Un grand film de cinéma
Si « Les Graines… » n’a obtenu « que » Le Prix Spécial, et non la Palme d’Or qui eut été mérité, c’est peut-être que le jugement du Jury a été pollué par le contexte politique du pays.
Un peu comme s’il avait fallu récompenser le courage plutôt que le génie, d’un cinéaste et de ses équipes qui ont tourné dans des conditions périlleuses.
On rappelle que Rasoulof a été condamné à huit ans de prison par le régime iranien pour « atteinte à la sécurité nationale ».
Il a pu fuir à temps pour venir présenter son film à Cannes en mai 2024.
Le film est au-delà de cela, c’est un grand film de cinéma, avec des plans d’une incroyable beauté, un suspens poignant, une mise en scène géniale, et un côté thriller : « S’il est vrai que les contraintes rencontrées par un artiste développent ses capacités à créer, alors j’ai été particulièrement gâté », plaisanta Rasoulof à Cannes sur France-Inter.
Un père aimant
Dans l’Iran de 2022, au sein d’une famille tranquille vivant confortablement dans la capitale, le père de famille, Iman, est promu enquêteur au sein du tribunal révolutionnaire de Téhéran.
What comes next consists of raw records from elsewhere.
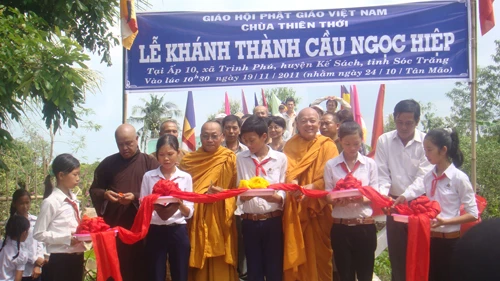 Cắt băng khánh thành.jpg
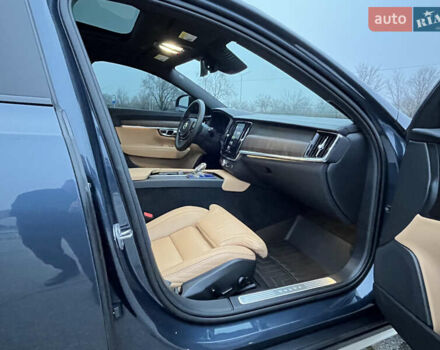 Синий Вольво В90, объемом двигателя 1.97 л и пробегом 35 тыс. км за 46900 $, фото 22 на Automoto.ua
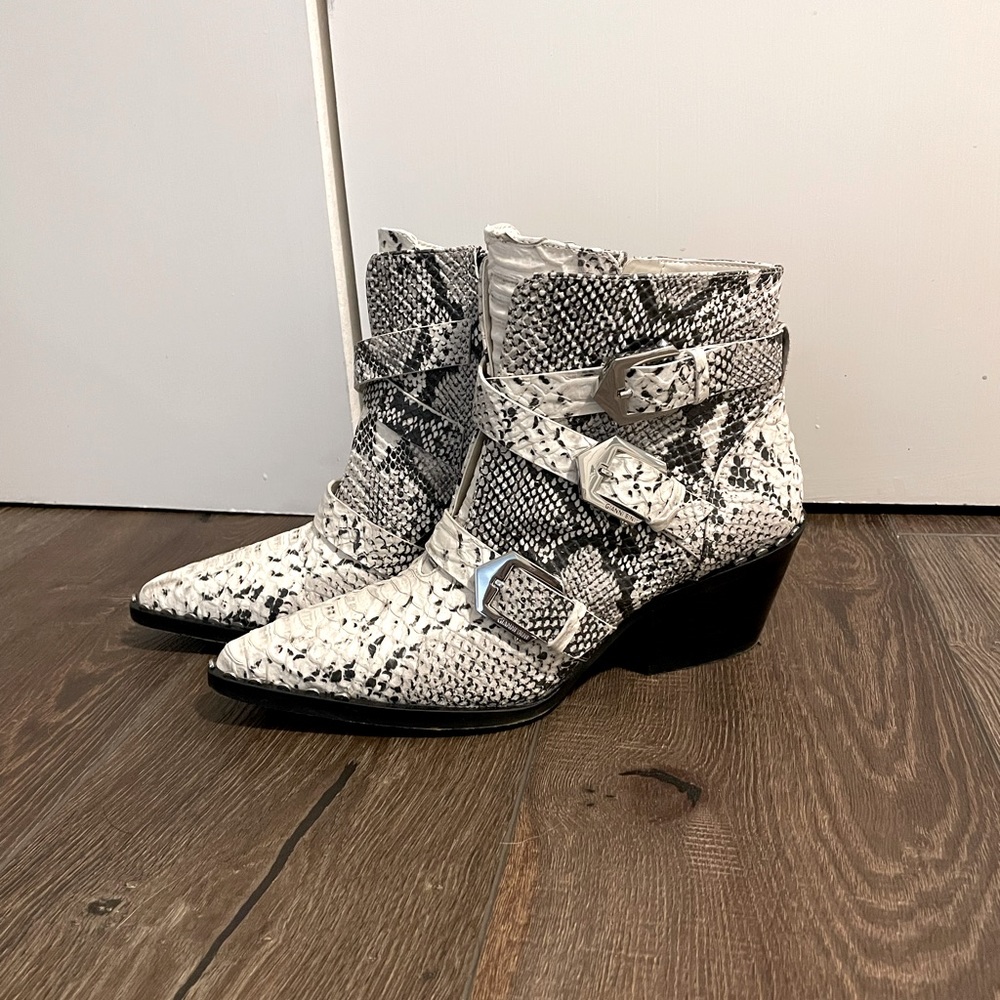 Gianni Bini Jeydda Leather Snakeskin Ankle Boots Size 8.5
Dans le même temps, les émeutes éclatent à la suite de la mort de la jeune fille Jina Mahsa Amini, frappée par des policiers parce qu’elle portait mal son voile.
Iman découvre alors les cas de conscience en signant des actes d’exécution imposés par le pouvoir, sans même qu’il ait le temps de lire le dossier des accusés.
Iman (Missagh Zareh) est un père de famille aimant avec son épouse Najmeh (Soheila Golestani) et ses deux filles, Rezvan l’ainée (Mahsa Rostami), et Sana la fille cadette (Setareh Maleki).
Chaque personnage est vu dans sa complexité et son humanité, ce qui rend l’intrigue encore plus déchirante au fil des 168 minutes du film.
Des plans géniaux
Iman aime sa famille mais ne se départit pas de son obéissance viscérale au système théocratique, et de son ancrage conscient ou non dans le patriarcat.
Le portait de Najmeh, tout en subtilité, oscille avec une immense mansuétude de la part de Rasoulof, entre celui de la femme musulmane soumise et aimante, et la mère courage qui va peu à peu se révéler, grâce à ses filles.
Deux plans témoignent de la mise en scène subtile du cinéaste et de son goût de la beauté : le plan clair-obscur de la mère angoissée qui attend dans le noir le retour de sa fille aînée, et le plan de l’épouse qui coupe les cheveux et soigne la barbe de son époux avec amour.
Fiction bouleversante
Le film est émaillé très opportunément d’images filmées au téléphone pendant les émeutes du mouvement « Femme-Vie-Liberté », qui permettent de faire entrer les évènements violents de la répression au cœur de cette famille ordinaire à laquelle la classe moyenne occidentale peut tout à fait s’identifier.
Les ados se chamaillent et passent leur temps sur leur téléphone, la mère de famille est débordée, le père rentre du boulot exténué...
La fiction bouleversante de Mohammad Rasoulof prend ancrage dans l’actualité d’un pays plongé dans l’obscurantisme par son régime totalitaire, mais ce n'est pas le sujet du film. A voir d'urgence.